● PROVIDED DATA:

● ● ● ●

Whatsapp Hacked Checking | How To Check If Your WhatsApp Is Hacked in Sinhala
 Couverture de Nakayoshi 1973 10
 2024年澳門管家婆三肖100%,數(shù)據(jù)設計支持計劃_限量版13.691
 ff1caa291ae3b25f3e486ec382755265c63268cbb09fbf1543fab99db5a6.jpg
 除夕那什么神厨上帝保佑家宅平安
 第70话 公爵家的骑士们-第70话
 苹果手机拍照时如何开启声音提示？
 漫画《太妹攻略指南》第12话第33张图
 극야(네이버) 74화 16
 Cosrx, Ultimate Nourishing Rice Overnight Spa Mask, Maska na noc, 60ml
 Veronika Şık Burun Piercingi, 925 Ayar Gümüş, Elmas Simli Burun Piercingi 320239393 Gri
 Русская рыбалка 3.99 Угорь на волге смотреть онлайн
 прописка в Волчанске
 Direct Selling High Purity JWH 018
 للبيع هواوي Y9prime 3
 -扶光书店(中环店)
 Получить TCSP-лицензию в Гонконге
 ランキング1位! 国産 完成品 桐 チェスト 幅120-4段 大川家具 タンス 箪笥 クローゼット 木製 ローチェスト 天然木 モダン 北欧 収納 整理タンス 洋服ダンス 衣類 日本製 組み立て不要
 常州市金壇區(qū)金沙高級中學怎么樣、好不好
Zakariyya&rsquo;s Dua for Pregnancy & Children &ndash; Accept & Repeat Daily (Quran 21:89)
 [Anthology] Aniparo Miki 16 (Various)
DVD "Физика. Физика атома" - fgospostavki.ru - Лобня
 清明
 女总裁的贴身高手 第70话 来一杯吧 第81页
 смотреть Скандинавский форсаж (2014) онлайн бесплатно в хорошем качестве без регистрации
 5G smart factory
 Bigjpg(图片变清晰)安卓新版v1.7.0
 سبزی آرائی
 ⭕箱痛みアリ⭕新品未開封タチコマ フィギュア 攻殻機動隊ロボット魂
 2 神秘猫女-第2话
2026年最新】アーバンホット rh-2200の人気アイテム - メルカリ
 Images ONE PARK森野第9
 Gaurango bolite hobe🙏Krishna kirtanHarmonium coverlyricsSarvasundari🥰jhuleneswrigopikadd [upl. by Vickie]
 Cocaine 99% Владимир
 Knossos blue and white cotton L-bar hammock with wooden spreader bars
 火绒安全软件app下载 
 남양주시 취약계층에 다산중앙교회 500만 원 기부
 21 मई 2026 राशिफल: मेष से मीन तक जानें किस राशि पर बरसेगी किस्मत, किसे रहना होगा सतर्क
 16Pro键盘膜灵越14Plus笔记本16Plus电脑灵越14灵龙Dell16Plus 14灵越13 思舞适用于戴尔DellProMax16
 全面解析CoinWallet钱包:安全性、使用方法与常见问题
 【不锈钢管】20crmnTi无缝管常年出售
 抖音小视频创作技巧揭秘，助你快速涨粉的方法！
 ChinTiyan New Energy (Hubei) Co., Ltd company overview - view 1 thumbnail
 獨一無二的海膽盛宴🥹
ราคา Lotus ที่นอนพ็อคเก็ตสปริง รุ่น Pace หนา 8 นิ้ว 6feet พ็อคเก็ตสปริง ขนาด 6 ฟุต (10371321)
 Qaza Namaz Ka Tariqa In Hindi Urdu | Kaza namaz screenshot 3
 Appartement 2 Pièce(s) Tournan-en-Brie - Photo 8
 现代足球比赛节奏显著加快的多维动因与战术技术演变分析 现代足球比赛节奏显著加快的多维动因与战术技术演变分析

● ● ● ●

From the material above, copy every line that has the word "смотреть" in it.

● PROBLEM SOLUTION:
 Русская рыбалка 3.99 Угорь на волге смотреть онлайн
 смотреть Скандинавский форсаж (2014) онлайн бесплатно в хорошем качестве без регистрации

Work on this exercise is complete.